「じゃあ、一番有力なのはエミリオさんだね、ダリルシェイドに居るっていうのはみーんな知ってるよ」
手掛かりが見えてきたが、ロニは首を横に振る。
「確かにそうなんだが、エミリオさんはどうやら出張らしくてな、今はダリルシェイドに居ない可能性が高い。そもそも激務だからあの子が会えるかも微妙だな。
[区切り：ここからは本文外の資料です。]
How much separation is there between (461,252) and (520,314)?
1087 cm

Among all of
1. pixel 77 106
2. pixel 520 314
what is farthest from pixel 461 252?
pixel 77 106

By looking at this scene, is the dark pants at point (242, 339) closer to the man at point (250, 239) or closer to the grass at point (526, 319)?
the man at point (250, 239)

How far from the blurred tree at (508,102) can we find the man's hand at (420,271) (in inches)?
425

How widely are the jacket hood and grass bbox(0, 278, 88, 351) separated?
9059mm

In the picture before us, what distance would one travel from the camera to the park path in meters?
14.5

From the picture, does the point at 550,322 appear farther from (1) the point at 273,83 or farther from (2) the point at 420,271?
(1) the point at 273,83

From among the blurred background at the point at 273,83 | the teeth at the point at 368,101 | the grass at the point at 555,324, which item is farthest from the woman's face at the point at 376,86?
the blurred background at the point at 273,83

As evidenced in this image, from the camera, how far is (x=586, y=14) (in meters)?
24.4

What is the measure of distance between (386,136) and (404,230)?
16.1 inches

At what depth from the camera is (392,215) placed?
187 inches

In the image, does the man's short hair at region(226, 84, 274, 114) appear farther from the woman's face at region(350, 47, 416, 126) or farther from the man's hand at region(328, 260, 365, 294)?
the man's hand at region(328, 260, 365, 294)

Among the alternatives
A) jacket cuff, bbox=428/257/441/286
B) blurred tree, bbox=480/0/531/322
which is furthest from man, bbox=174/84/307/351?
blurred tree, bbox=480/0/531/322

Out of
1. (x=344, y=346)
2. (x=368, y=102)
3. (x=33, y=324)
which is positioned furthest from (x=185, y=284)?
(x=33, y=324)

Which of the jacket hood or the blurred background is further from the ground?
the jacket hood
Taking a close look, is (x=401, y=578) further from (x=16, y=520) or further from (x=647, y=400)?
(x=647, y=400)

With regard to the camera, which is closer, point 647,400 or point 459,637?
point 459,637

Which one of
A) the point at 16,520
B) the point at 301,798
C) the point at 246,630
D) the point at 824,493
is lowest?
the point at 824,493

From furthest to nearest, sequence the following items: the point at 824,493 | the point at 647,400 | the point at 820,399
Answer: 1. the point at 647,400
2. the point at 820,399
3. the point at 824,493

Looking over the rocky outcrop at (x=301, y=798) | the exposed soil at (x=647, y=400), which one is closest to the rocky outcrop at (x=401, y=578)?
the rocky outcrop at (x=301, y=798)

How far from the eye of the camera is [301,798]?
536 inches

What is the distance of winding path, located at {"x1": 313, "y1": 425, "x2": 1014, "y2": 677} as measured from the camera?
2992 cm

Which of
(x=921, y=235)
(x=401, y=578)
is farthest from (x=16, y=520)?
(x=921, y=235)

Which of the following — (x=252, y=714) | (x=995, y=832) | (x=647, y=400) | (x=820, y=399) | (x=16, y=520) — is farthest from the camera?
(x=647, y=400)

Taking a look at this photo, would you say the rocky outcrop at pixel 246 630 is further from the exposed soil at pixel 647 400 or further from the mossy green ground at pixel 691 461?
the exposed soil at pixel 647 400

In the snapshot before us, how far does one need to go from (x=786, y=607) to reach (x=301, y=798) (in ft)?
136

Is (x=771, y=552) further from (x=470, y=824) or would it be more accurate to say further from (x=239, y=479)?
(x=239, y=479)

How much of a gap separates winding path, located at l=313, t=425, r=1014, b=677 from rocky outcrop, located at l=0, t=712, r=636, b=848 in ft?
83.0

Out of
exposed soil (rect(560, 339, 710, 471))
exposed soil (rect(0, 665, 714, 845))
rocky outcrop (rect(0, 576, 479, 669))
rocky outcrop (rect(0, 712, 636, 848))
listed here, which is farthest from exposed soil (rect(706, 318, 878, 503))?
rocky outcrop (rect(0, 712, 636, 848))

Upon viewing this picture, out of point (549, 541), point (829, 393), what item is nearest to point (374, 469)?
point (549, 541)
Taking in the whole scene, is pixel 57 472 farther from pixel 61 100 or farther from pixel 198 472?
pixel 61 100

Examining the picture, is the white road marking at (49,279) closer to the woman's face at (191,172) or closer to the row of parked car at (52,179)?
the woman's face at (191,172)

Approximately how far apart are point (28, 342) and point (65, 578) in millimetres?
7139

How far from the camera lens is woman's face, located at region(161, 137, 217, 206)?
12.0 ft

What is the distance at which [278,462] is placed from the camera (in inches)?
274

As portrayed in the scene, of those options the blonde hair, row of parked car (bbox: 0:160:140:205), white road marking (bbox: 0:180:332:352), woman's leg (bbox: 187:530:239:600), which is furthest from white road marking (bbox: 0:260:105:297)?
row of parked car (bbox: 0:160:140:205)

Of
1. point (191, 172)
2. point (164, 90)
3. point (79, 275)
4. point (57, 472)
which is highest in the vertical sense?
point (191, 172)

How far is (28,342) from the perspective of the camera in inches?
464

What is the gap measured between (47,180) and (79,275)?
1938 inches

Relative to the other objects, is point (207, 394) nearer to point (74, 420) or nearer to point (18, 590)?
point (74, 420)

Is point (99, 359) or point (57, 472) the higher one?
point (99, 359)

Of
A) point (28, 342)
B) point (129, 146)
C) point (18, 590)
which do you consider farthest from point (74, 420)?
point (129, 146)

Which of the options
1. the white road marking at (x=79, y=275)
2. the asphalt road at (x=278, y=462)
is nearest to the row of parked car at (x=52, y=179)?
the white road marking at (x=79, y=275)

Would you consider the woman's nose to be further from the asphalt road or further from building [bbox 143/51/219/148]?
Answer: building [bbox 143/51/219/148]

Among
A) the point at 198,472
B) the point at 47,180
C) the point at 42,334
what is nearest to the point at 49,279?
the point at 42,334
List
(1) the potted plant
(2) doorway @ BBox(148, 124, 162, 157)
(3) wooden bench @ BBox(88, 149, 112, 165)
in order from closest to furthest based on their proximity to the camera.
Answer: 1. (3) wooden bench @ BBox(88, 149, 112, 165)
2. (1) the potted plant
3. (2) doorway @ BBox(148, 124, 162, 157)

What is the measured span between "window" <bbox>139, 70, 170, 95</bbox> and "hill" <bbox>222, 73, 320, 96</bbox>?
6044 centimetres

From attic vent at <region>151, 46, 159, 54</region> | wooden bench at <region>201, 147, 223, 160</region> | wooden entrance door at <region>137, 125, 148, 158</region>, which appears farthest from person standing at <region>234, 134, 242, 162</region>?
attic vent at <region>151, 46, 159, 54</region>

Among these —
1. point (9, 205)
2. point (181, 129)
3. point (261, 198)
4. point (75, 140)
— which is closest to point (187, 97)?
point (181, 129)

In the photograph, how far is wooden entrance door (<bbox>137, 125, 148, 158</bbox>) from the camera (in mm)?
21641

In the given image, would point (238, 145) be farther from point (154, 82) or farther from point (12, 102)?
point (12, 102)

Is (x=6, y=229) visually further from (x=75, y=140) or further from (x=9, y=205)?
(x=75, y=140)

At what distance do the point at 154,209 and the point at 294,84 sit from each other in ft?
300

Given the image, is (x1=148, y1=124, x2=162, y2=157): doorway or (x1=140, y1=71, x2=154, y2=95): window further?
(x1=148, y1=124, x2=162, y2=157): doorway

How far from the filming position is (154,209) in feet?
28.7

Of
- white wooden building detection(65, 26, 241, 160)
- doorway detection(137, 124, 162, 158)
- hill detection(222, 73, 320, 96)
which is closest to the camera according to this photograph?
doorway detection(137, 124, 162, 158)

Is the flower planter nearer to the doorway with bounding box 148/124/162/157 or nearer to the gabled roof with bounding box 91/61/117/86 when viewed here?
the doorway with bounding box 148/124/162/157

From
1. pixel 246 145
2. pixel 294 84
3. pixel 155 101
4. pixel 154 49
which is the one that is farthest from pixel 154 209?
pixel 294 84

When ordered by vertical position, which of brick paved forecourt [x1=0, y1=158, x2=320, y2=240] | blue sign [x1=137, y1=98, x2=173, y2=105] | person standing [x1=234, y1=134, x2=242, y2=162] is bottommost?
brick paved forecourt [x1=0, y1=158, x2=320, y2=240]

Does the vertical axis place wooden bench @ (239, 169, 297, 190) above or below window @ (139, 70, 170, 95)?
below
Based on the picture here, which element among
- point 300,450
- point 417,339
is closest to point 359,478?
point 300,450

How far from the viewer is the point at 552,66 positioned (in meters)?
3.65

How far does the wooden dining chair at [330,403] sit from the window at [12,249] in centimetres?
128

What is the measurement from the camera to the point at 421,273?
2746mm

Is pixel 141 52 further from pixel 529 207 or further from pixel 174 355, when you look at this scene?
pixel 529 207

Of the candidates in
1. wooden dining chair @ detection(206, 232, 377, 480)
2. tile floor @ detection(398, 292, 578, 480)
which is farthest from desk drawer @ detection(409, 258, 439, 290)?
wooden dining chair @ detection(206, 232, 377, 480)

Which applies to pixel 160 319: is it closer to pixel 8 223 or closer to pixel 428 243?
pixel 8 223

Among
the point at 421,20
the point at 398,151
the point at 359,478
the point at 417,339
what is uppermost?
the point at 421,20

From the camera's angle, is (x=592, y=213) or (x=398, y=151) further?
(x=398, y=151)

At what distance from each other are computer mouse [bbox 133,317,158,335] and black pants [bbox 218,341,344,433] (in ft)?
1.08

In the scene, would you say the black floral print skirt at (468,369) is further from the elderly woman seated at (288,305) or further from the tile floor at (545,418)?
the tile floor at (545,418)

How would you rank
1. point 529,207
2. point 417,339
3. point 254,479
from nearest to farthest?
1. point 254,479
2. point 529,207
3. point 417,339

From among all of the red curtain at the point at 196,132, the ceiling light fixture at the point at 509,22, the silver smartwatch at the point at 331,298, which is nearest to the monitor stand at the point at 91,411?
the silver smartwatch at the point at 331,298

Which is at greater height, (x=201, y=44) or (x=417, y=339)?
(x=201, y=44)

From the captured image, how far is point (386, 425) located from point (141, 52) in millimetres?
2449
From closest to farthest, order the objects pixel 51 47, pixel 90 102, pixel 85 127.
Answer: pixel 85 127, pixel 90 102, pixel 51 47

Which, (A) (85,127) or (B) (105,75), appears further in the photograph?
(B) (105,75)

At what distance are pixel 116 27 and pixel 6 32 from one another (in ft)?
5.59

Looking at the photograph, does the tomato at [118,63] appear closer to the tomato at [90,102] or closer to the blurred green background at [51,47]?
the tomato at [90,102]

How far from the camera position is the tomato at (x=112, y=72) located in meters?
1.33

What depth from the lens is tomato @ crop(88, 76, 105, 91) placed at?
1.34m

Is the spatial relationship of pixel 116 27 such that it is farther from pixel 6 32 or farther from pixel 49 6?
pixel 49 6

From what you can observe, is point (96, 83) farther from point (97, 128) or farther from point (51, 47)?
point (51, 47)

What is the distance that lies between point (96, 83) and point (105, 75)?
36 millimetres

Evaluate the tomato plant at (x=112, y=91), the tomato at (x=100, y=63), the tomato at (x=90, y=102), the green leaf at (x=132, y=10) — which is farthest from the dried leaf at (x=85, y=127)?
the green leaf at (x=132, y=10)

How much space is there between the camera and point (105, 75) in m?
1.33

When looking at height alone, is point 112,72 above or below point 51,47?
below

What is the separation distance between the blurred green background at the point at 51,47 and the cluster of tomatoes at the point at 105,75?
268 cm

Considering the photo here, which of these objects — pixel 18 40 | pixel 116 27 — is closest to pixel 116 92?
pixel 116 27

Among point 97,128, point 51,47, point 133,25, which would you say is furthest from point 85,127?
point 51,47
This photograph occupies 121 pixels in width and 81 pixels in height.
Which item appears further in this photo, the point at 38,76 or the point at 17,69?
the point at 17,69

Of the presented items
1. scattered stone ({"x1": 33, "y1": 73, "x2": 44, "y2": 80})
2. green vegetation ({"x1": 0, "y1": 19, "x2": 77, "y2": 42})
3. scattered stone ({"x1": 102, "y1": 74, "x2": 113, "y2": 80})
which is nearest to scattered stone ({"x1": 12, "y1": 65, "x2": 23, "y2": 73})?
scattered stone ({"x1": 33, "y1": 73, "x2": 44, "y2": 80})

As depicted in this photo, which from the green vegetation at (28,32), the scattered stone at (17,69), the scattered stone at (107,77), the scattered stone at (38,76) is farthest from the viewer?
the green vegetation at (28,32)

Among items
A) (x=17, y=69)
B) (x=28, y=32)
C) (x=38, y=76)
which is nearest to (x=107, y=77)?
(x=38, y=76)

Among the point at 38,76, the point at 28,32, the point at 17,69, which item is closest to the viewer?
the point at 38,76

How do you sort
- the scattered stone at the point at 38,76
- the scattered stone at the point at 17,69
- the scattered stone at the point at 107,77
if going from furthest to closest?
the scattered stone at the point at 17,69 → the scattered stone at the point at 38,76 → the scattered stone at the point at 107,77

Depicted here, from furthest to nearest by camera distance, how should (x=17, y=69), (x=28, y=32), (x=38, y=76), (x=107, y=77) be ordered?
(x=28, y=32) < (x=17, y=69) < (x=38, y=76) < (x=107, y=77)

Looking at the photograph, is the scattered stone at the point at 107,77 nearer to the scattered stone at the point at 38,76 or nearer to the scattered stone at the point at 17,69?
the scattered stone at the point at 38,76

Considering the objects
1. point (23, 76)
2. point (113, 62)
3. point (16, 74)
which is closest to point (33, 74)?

エミリオさんの屋敷に居ればあの子が来て会えるかもしれないが、多分会えたとしてもまたスルーされてどっか行かれるか」
「追い掛ければいいんじゃない?」
「ばっか、それじゃストーカーだろ、男がする事じゃねェ。出来るなら英雄が居る所で会えるのが1番だな」
「そっか……じゃあ、有力なのはフィリアさんかな? ウッドロウさんは外国の王様だけど、フィリアさんはストレイライズ大神殿に居るよね」
漸くカイルが辿り着いた答えに微笑が浮かべられた。
「ああ、それにフィリアさんには謁見出来る時があるからな、エミリオさんより会いやすいだろ」
「じゃあ目指すはストレイライズ大神殿だね!」
「おう、ダリルシェイドには寄らず真っ直ぐ神殿を目指すぞ、時間との勝負だ」
「うん!」
青い空の下で始まる旅に、少年は希望に満ちた笑顔を見せた。
だが母が抱くのは全く違うモノ。
「ゴメンね、カイル……」
流す涙は既に枯れ果てていた。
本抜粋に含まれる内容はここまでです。